Today, I didn't run, and that was probably the worst of the whole thing. I didn't really have a good reason, only general disappointment at the rest of the challenge. What I learned was that running 10 miles a day is a vastly easier task when you don't have too much going on than it is when life is in full swing. When I try this again, I'll have a better plan in place.

That aside, please take a look at this fundraiser and donate, if you can. Nathan Gonzalez is a hasher from San Antonio, and he needs to get his wheelchair fixed before the manufacturer closes on 3/31. This particular wheelchair has the ability to climb stairs, which I imagine greatly increases his mobility. Take a look:


Wednesday, March 5, 2014

10 Day Challenge: Day 4

Not much to report. I did a loop from home to the gym and it was very slow. I know I've mentioned that I don't mind the starting and stopping, but there are definitely some cons. I would like to be doing more than just getting in some mile when I do city loops. I therefore need to be more cognizant of my pace when I'm doing them.

Anyway, I ran slightly over 5 miles in about 50 minutes. I then did some arms and abs and continued onto the treadmill, where I did a progression run. I started out at 6 miles per hour (a 10 minute/mile pace) and kept that up until mile 2, when I increased to 6.5mph. At 3 miles, I increased to 6.7. From then on, it went like this:

3.1: increase to 6.9 mph
3.2: increase to 7.1 mph
3.3: increase to 7.2 mph
3.4: increase to 7.4 mph
3.5: increase to 7.5 mph
3.6: increase to 7.7 mph
3.7: increase to 7.8 mph
3.8: increase to 7.9 mph
3.9: increase to 8.5 mph
4.0: increase to 9.0 mph

End at 4.05. Also, here is a picture of the blood blister I developed yesterday. Don't be scandalized!

Tuesday, March 4, 2014

New Motivation: 10 Day Challenge

Hi, folks. I don't know about you, but I am super over this weather. I would love spring to get here as quickly as possible.

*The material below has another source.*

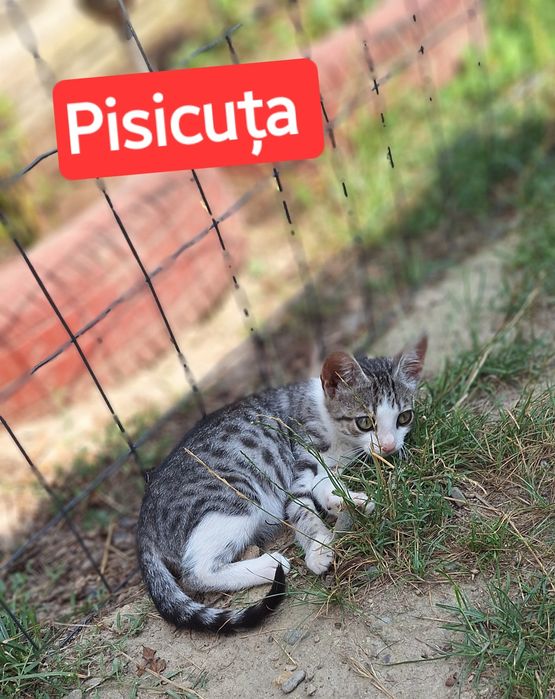 Dau spre adopție responsabilă puiuți de pisica ică !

One thing that has suffered a bit due to the relentless cold is my training. It's not the only problem, but it's doing me no favors. I decided to combat this by challenging myself to run 10 miles per day for 10 days. This challenge began on Saturday.

Saturday, I did a nice, big loop that I mapped out on MapMyRun. I'd show it, but it's a little too geographically explicit. It went north up to 54th Street, west to the river, south to Warren Street, and north again for a grand total of 10.54 miles. My time was nothing spectacular. In fact, it was slow-ish. I think I did it in 1:50 and change. To be fair, street runs are normally slow due to stopping for traffic. This frustration is what keeps most people I know from running on city streets. Doesn't stop me!

Sunday, I did something a little different. I ran a much smaller 5-mile loop from home to the gym, did 5 half mile repeats at about 7:12 min/mile with a half mile warmup and cooldown plus a quarter mile between each sprint for a total of 4.5 miles. I topped it off with a run home from the gym for an extra mile or so.

And tonight, I kept things simple and did another big loop. I'm not putting many restrictions on this whole thing. I just need to get back into a rhythm and be confident again about training. This may or may not do the trick, but it's made the last three days better.